Капитан Дежнев не знал, но кивнул с неопределенным выражением лица – да так, слыхал, мол, в общих чертах.
– Я перед войной, незадолго, осталась без родителей, – продолжала попутчица, – и институт пришлось бросить, я на первом курсе была, ну и стала печатать на машинке – для заработка… Машинка у нас была дома, ее как раз… ну, когда все это случилось… ее один знакомый у нас одолжил, поэтому она и уцелела, и я на ней печатала. А Михаилу Алексеевичу надо было срочно одну работу перепечатать – ему кто-то сказал про меня, мы так и познакомились… Я и не думала, он мне казался таким… ну, не знаю – старше намного, доцент, и вообще… Если откровенно, согласилась выйти за него замуж из страха. Как раз тогда я всего боялась – я вам говорила уже, я была трусихой, особенно после… Знаете, люди часто говорят, что жизнь идет полосами, но у меня это особенно как-то всегда было: либо светлая, либо совершенно черная, без полутонов. Перед тем как раз все было ужасно – я совершенно одна осталась, из института отчислили, из квартиры выселили…
– Так родителей что – посадили, что ли?
– Ну, естественно! Хотя неправда, что полутонов не было, – она улыбнулась, – папин знакомый вернул машинку, мог ведь и не вернуть, другие вообще здороваться перестали… Но это ерунда, а вот тетя Нюра, она у нас еще раньше домработницей служила, причем не долго и не очень даже прижилась, мама с ней не ладила почему-то… Так вот, эта тетя Нюра, когда мне буквально некуда было деваться, она меня поселила у себя в пригороде, я у нее жила как член семьи, хотя, наверное, это и опасно было для них… и у меня сначала даже денег не было ни копейки, это уж я потом стала немного зарабатывать, вносить свою долю хотя бы на питание. Так что грех говорить – было и светлое. Потом я вышла замуж, а летом сорокового родился Мишенька. Я еще думала – как это солидно будет звучать: Сорокин Михал Михалыч. Вот это была светлая полоса, действительно уже без полутонов, я почему-то даже и бояться перестала… Хотя все понимали, что война вот-вот и по нас ударит… У мужа семья была удивительная, я в нее вошла как-то сразу, вы понимаете, часто ведь отношения бывают непростыми – свекровь, невестка, а тут…

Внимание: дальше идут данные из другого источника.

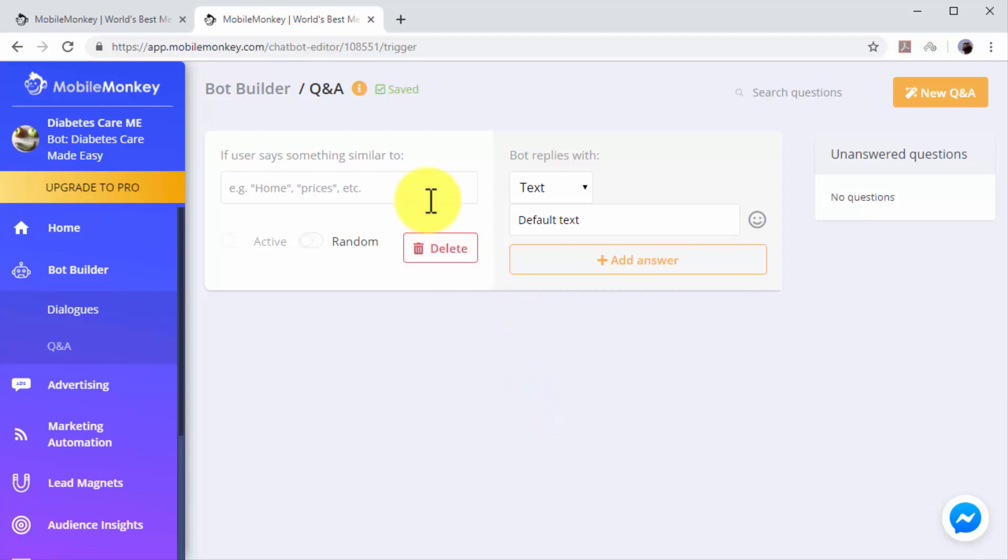So you have to insert the keyword that you want to trigger a Q&A dialogue into the 'If user says' text box. Let's create a quick example. Try inserting a product keyword. If a user includes that product keyword into one of his messages, the chatbot will trigger a dialogue that includes a product recommendation and a sales page URL.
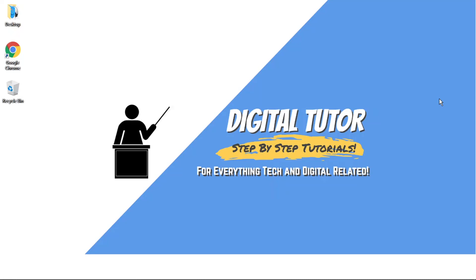So to do this, you can actually do this via the Discord app or the web-based application. It's all down to personal preference, but the steps are exactly the same. In today's video, I'll be doing this via the app.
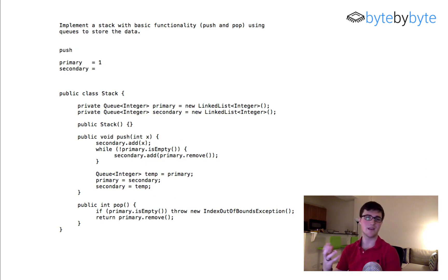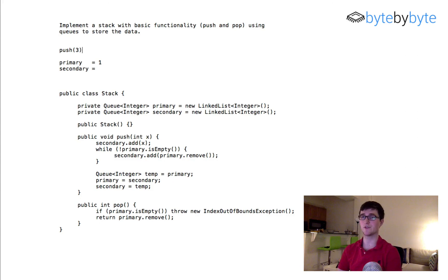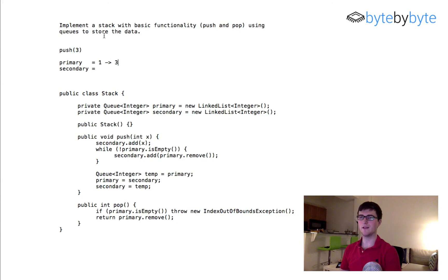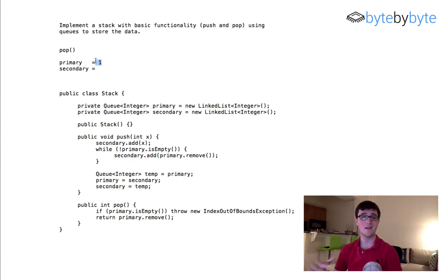I like to test both push-heavy and pop-heavy cases, since that's often where bugs appear. We push 3: secondary gets [3], then we copy 1 from primary making secondary [3, 1], swap, so primary is [3, 1]. Pop returns 3 as expected, and we still have 1 left — also correct. That's basically all there is to it. If you have any questions, let me know in the comments below or on the blog, and I'll see you again soon.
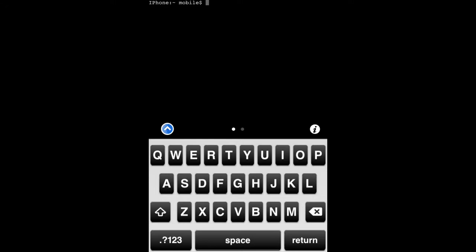Now you're going to type in login, return, root, return. Password will be alpine. If you can't see it while you type it, that's normal.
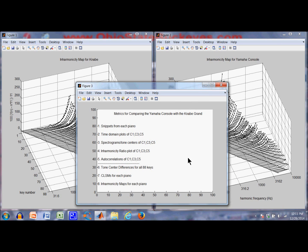That concludes the summary. I used snippets from each piano to compare, though the audio quality is quite poor so there isn't really a good comparison there. I showed time domain plots, spectrograms and tone centers, the inharmonicity ratio, and autocorrelations — and did the same thing for all 88 keys. Thanks for listening and watching.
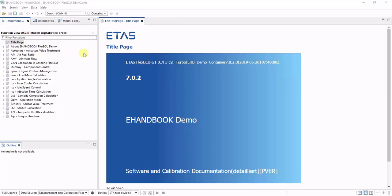In this video, I'm going to explain how contents in eHandbook files are structured and how you can find the most relevant information such as ECU functions and labels very quickly.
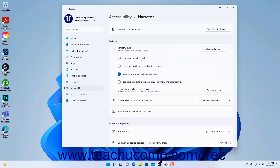To enable or disable text emphasis for formatted text when speaking, check or uncheck the Emphasize formatted text checkbox. To enable or disable phonetic reading when reading by character in Narrator, check or uncheck the Read phonetically when reading by character checkbox. To enable or disable reading advanced details like help text on buttons and other controls, check or uncheck that checkbox. To set how Narrator reads capitalized text, select a choice from the Change how capitalized text is read settings drop-down.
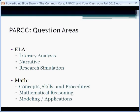First, let's look at the question categories. For ELA, we have literary analysis, narrative, and research simulation. And in math, we have concept skills and procedures, mathematical reasoning, and modeling and applications.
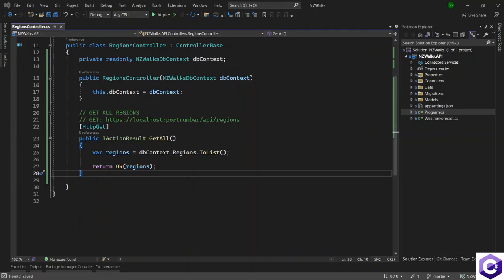In the last lecture, we created the getAll method where we were getting all the regions back from the database using the db context. Now it's time to get a single region by ID. We will send the ID via Swagger, accept it in the controller, use it to find a region, and if found we return the response. If not found, we return a 404 Not Found.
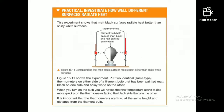We can demonstrate the thermal emission by different colors using a simple experiment as shown here. We take a filament bulb and color one part of the surface with white color and the other part with black or some kind of a dark color.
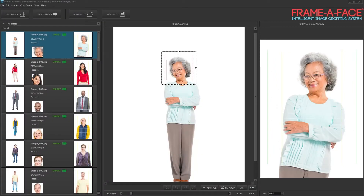Frame-of-Face is software used to draw crop boxes on several images — could be hundreds of images in a large batch — that need to be exported for yearbook photos, website design, or passport photos. If you've taken a whole series of photos one day and need to process them the next, processing them one by one is difficult and time-consuming. The goal of Frame-of-Face is to make that quicker.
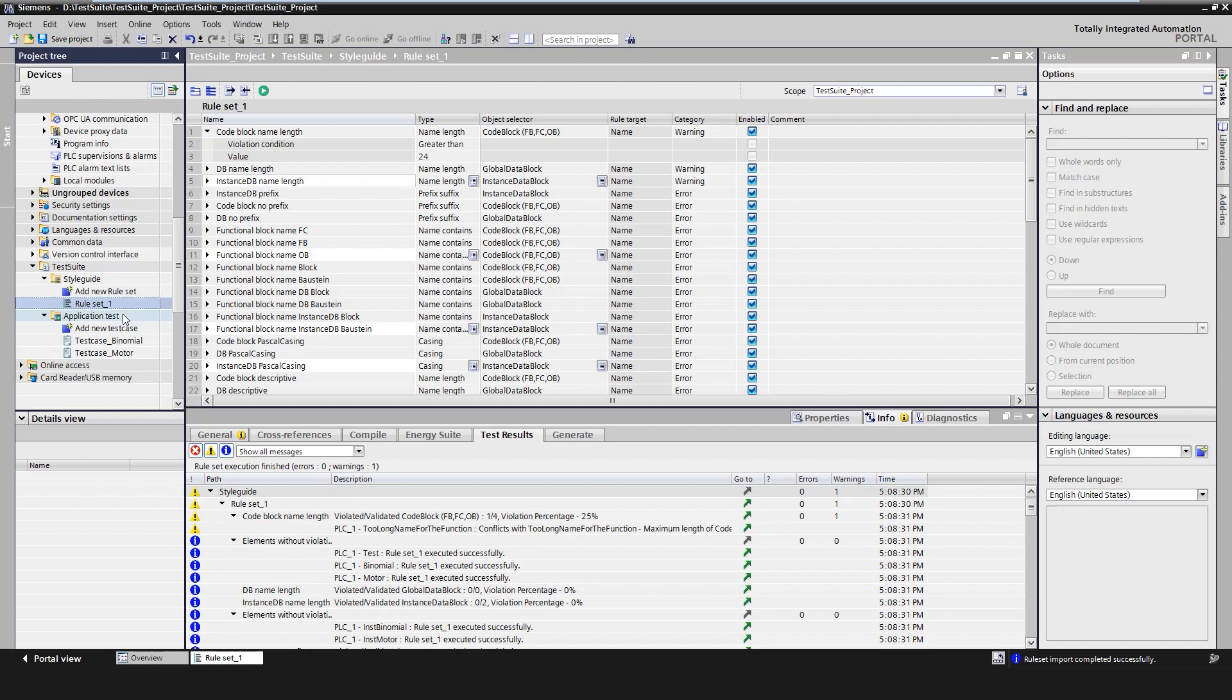When test cases are executed, the following steps are performed automatically. A PLCSIM advanced instance is created. The project will be compiled and downloaded to the PLCSIM advanced instance. The test is executed, the PLCSIM advanced instance is deleted and the test results are displayed. This enables a test-driven development where a code can be tested before release and is used in a real machine. The continuous regression tests thus support stable software development.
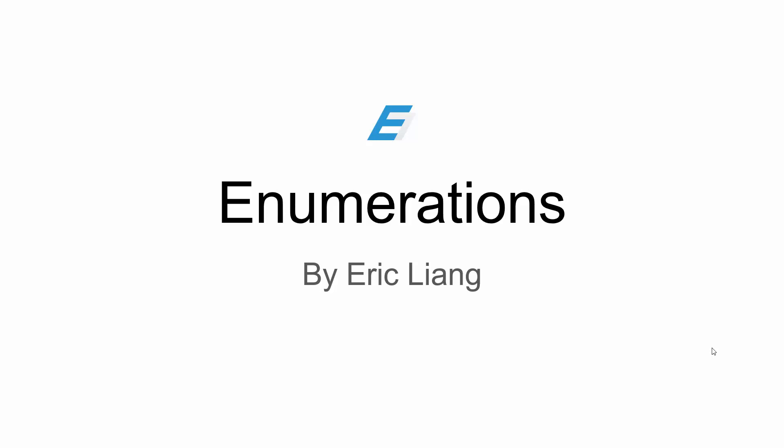In today's tutorial, I'm going to be teaching you about enumerations, or enum for short, in C++. Let's do this!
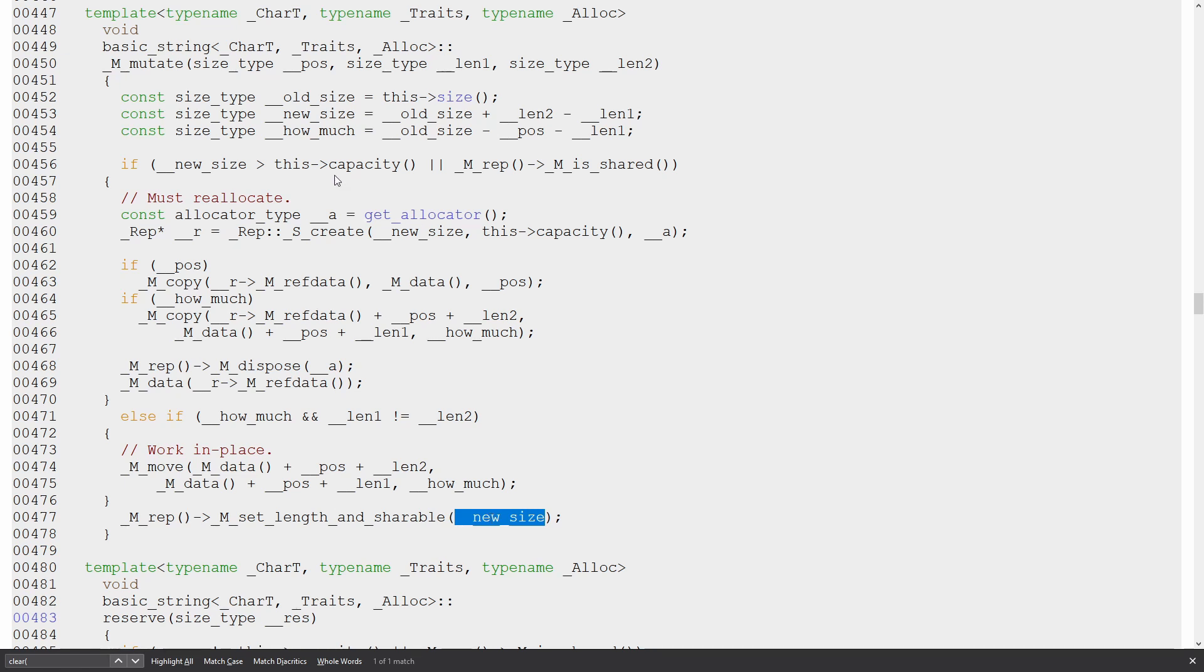Pretty sure I did that right. So how much is the old size minus zero minus len one, right? So that's going to be zero, and this is going to be zero. New size is zero. How much is zero? Old size, there we go. So it's just going to fall through here and just set the length. That's all it's going to do.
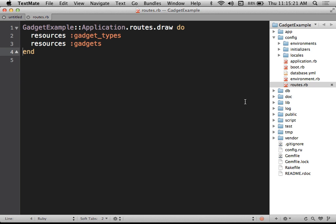Whenever a session is created for a user, a cookie gets put on that user's browser containing some kind of random ID that's difficult to fake. Rails remembers what random ID it gave to a particular user and stores that on the server side, matching it up with a little bit of storage. So essentially it lets us say: for whatever user is accessing this page right now, store this information. The next time that user makes a request, Rails will see the cookie value and be able to access whatever data was previously stored for that user.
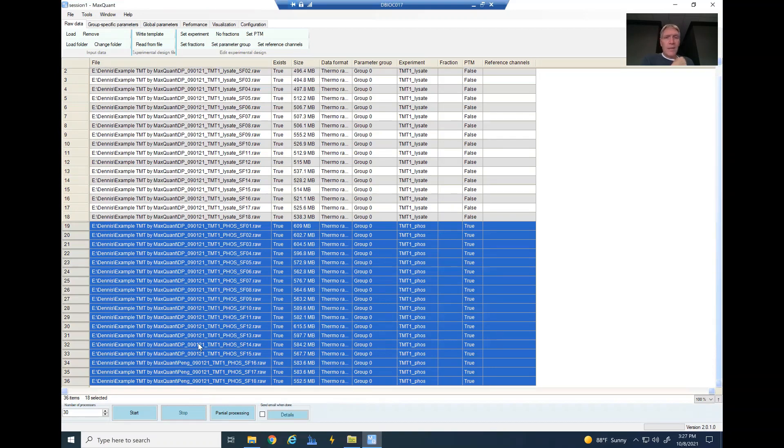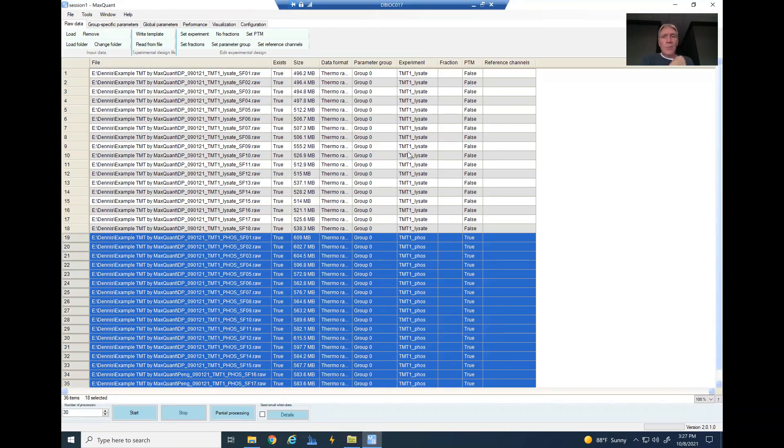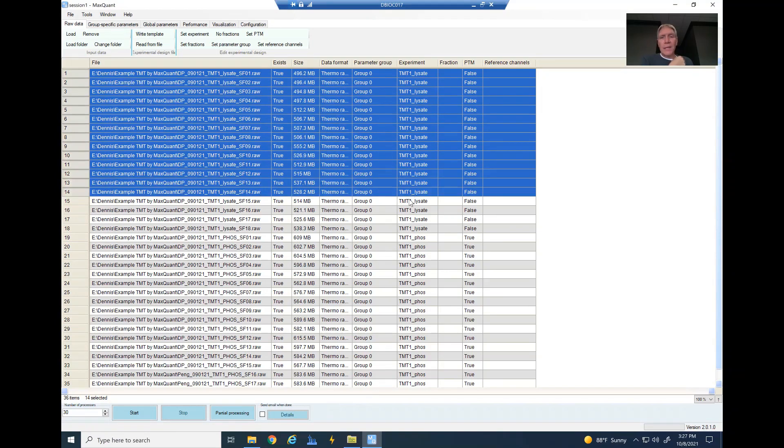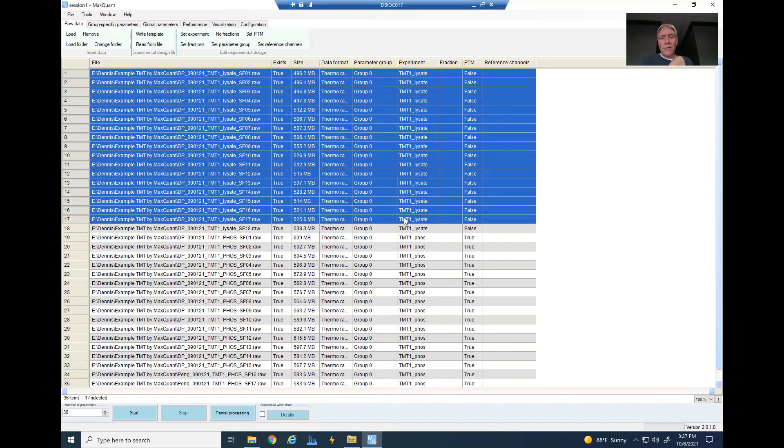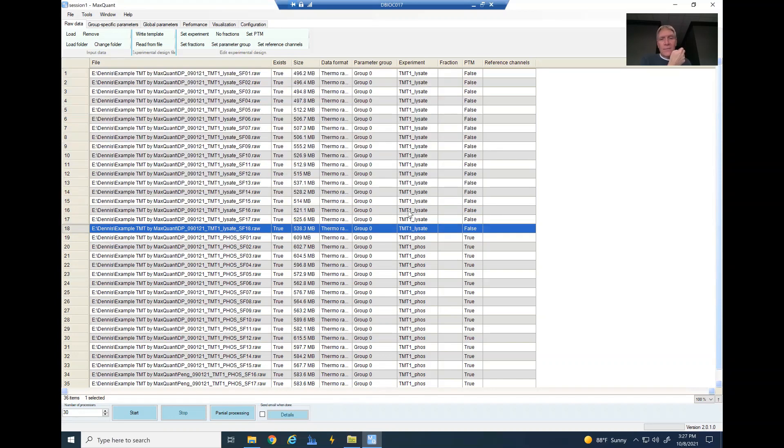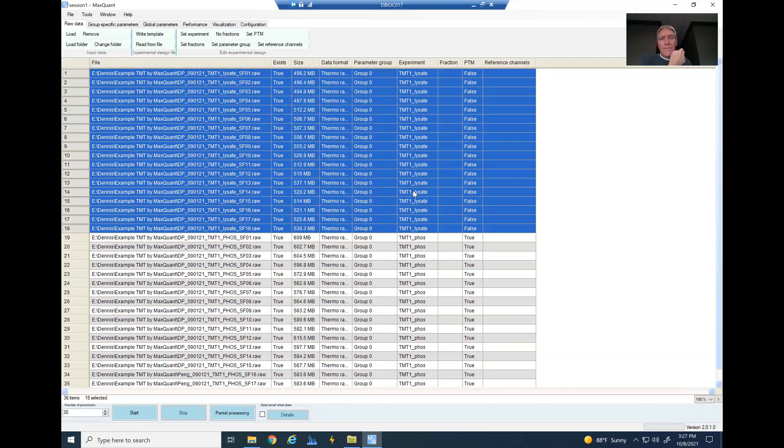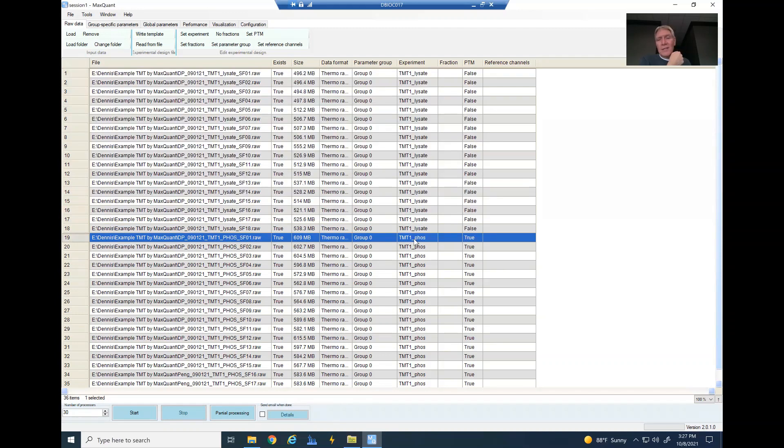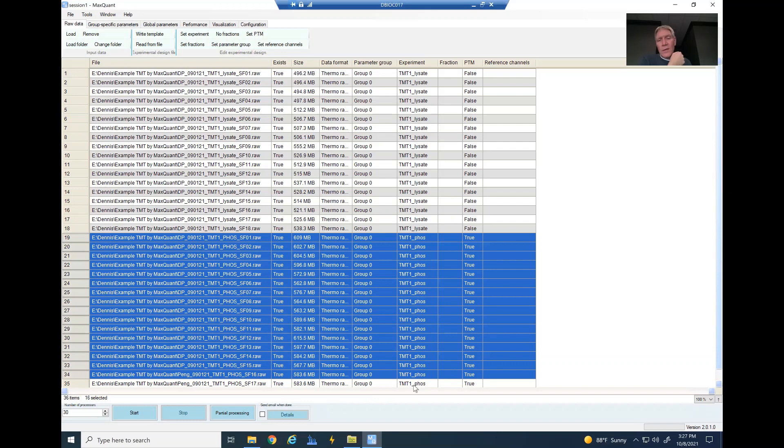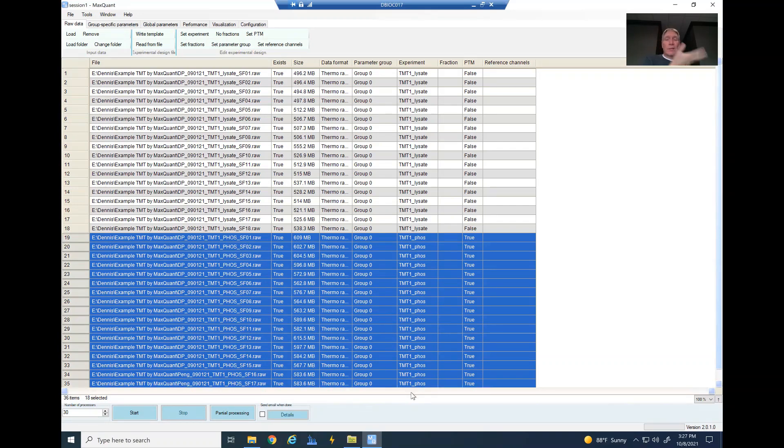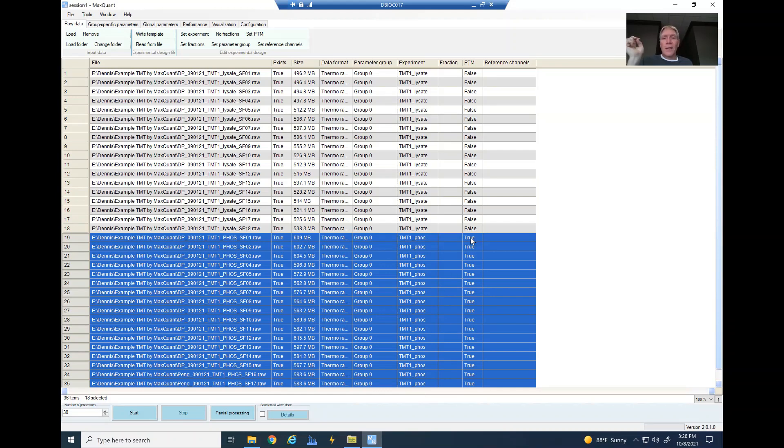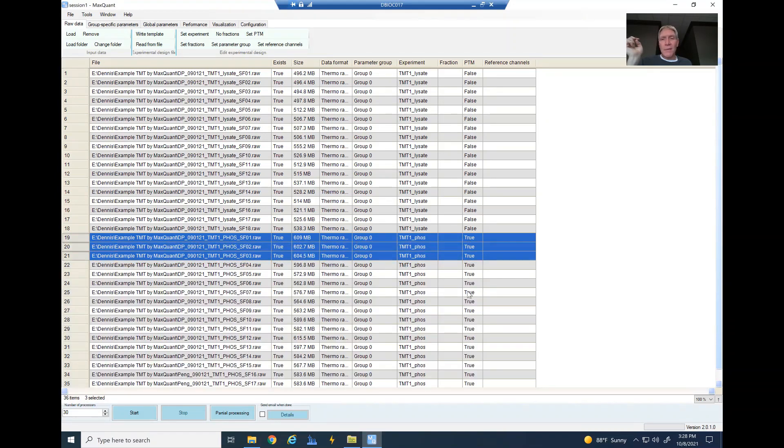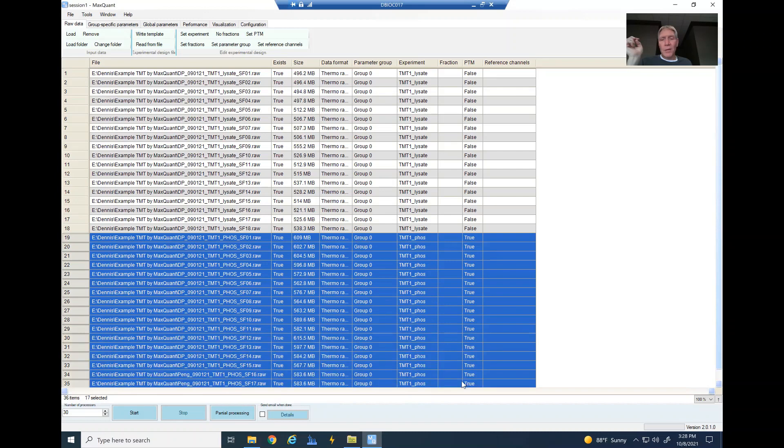Now I went ahead and changed my experiment label so that the TMT1 lysate is for the first 18 fractions, all included there, and then TMT1 phospho for my second experiment. That's why when you get your output, it will have those set up into different groups. And then of course, because phospho is a PTM experiment, I've got that changed to true.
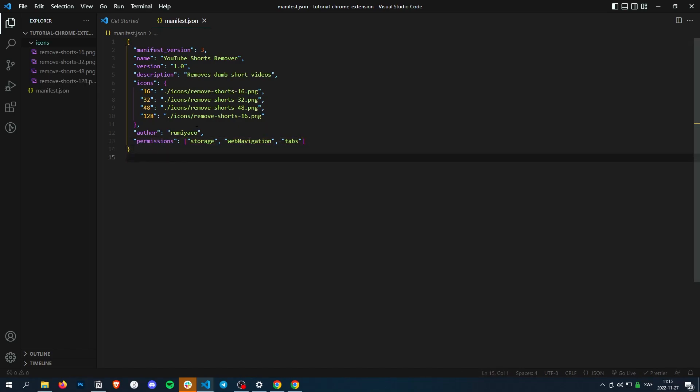Yeah. Perfect. I'll see you guys in the next video, which is about content scripts.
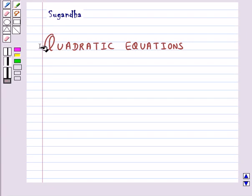Hello and welcome to the session. In this session we will learn about the quadratic equations.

Она замолчала, глядя куда-то мимо собеседника, словно его здесь не было. Да так оно, наверное, и есть, подумал Дежнев, она ведь все это самой себе говорит, зачем ей слушатель. Но тут она все-таки глянула на него, усмехнувшись одними губами.
– А вы мне про трибунал какой-то, – сказала она. – Меня знаете что в жизни держит? Тетя Нюра, у которой я жила, она была верующая – ну, простая деревенская женщина, неудивительно, – так вот, она однажды сказала, что самый большой грех – это, как она выразилась, «руки на себя наложить». Поэтому-то, дескать, самоубийца никогда не встретит там своих близких – ну, если предположить, что есть что-то после смерти…
– А вы предполагаете, есть?
– Нет, конечно. Но я просто рассуждаю: если хоть один шанс из миллиарда – можно ли рисковать?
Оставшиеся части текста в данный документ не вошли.